– Gracias por detenerse.
– ¿Qué está usted haciendo aquí?
– Estaba buscando a unas personas -dijo Yashim. Mavrogordato miró hacia atrás, al muelle.
– Al parecer, las encontró.
– No, no eran ésas las que buscaba. -Yashim se secó la frente y tomó aliento-. Usted me apartó del caso.
El joven se encogió de hombros.
– Madre lo hizo.
En la oscuridad, resultaba difícil decir si estaba mintiendo.
– Lefèvre ya estaba muerto -dijo Yashim-. Usted no podía haber sabido eso, ¿verdad?
– ¿Por qué preocuparse? Un hombre como Lefèvre…
Yashim oía el agua goteando de la espadilla.
– ¿Fue una coincidencia, entonces?
– Está usted en mi bote -señaló el joven-. Eso parece una coincidencia, ¿no?
– Quizás. Pero… yo lo estaba buscando, también.
– ¿Usted…? ¿Usted me seguía?
– No. Pero oí que usted venía aquí a veces.
– Eso no es cierto. ¿Quién le dijo eso?
– Es cierto esta noche, ¿no?
Alexander Mavrogordato no replicó. Si había estado fumando, pensó Yashim, parecía tranquilo.
– ¿Quién es el dueño del Ca d'Oro?
El frágil esquife se balanceó al cruzar la estela de un bote de pescador.
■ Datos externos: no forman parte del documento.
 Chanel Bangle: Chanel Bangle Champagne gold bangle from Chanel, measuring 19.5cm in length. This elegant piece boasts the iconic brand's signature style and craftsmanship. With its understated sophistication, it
– ¿Qué tiene eso que ver con ello?
– ¿Es uno de los barcos de su padre?
– Escuche, amigo. -Alexander se acercó-. Yo desconozco los negocios del viejo. Dentro de seis meses, estaré fuera de aquí, si Dios quiere.
– ¿Fuera de aquí? ¿Por qué?
– Eso es asunto mío -replicó Alexander-. Usted no lo entendería. El Fener. El Bosforo. El bazar… usted piensa que es el mundo, ¿no? Todos lo piensan. Y sólo porque el sultán hace unos pocos cambios aquí y allá, creen ustedes que están viviendo en el lugar más moderno de la tierra. Basura. Constantinopla es un lugar atrasado. Se sorprendería usted. El resto del mundo… se ríe de nosotros. París, San Petersburgo. ¡Vaya, en Atenas tienen incluso luz de gas en las calles! En un montón de calles. Tienen… política, filosofía, todo. Salas de concierto. Periódicos. Puede usted comprar un periódico y sentarse a leerlo en un café, y nadie se fija en usted. Al igual que en el resto de Europa. La gente tiene opiniones allí.
– ¿Y leen periódicos que tienen las mismas opiniones?
– Sorprendente, ¿no? Me voy allí, amigo. Me casaré, y… me iré.
– Y su mujer… ¿Está usted seguro de que querrá ir allí?
– ¿Mi mujer? Hará lo que yo quiera, por supuesto. Le regalaré vestidos elegantes, y celebraremos cenas e iremos a la ópera, y cosas así. Seremos completamente libres. Usted no lo entendería.
Yashim movió negativamente la cabeza. El muchacho estaba en lo cierto. Si la libertad significaba sacar tus opiniones de los periódicos y vestir como todo el mundo, entonces se trataba sin duda de algo que él jamás comprendería. Una placer, quizás, que él nunca tendría derecho a disfrutar.
– Gracias por detenerse -dijo-. Puede usted dejarnos donde prefiera.
Alexander gruñó algo que Yashim no captó. Probablemente, pensó, era mejor así.